Data shown:
BEGIN

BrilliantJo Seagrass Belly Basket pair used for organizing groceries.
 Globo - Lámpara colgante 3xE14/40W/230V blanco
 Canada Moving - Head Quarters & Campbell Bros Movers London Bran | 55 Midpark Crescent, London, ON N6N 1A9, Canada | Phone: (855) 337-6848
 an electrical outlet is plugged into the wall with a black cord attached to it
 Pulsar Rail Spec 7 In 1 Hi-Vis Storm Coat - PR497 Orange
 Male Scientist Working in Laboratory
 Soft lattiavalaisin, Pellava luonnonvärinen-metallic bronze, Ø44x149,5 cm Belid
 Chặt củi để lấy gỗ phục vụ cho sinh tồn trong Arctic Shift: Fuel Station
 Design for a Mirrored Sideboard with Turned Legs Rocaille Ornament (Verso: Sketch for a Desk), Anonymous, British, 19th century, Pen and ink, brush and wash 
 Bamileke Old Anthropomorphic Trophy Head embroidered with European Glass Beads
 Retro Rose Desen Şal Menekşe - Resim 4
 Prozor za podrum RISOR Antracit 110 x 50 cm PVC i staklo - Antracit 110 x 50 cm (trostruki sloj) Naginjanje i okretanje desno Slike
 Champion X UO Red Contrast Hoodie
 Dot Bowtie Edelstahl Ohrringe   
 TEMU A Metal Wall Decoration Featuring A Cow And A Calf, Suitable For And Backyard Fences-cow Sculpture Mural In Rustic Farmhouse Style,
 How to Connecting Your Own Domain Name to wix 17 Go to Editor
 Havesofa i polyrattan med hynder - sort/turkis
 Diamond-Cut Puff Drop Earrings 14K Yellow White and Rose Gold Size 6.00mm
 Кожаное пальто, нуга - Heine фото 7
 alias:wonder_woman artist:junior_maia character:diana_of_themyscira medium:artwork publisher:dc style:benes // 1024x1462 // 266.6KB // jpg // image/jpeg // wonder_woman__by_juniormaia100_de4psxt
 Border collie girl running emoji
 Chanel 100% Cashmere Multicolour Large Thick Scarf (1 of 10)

END

Aim of the exercise: Your answer should consist of the lines above that hold the word "Rose".

Finished exercise:
 Retro Rose Desen Şal Menekşe - Resim 4
 Diamond-Cut Puff Drop Earrings 14K Yellow White and Rose Gold Size 6.00mm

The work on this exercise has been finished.